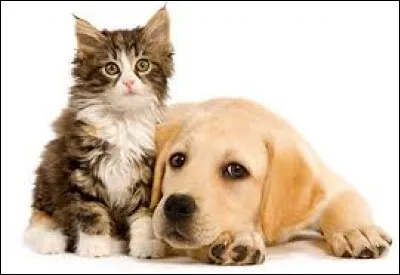 Quel animal vénéraient les égyptiens dans l'Antiquité ?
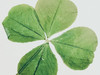 Clover503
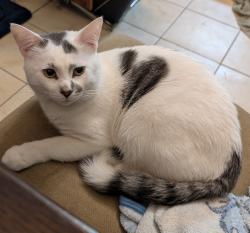 Lost Male Cat last seen Lowe's, del Prado linear park, Cape Coral, FL 33909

Work instructions: Text only, please: give the listing again word for word with no images.

Task output:
 Quel animal vénéraient les égyptiens dans l'Antiquité ?
 Clover503
 Lost Male Cat last seen Lowe's, del Prado linear park, Cape Coral, FL 33909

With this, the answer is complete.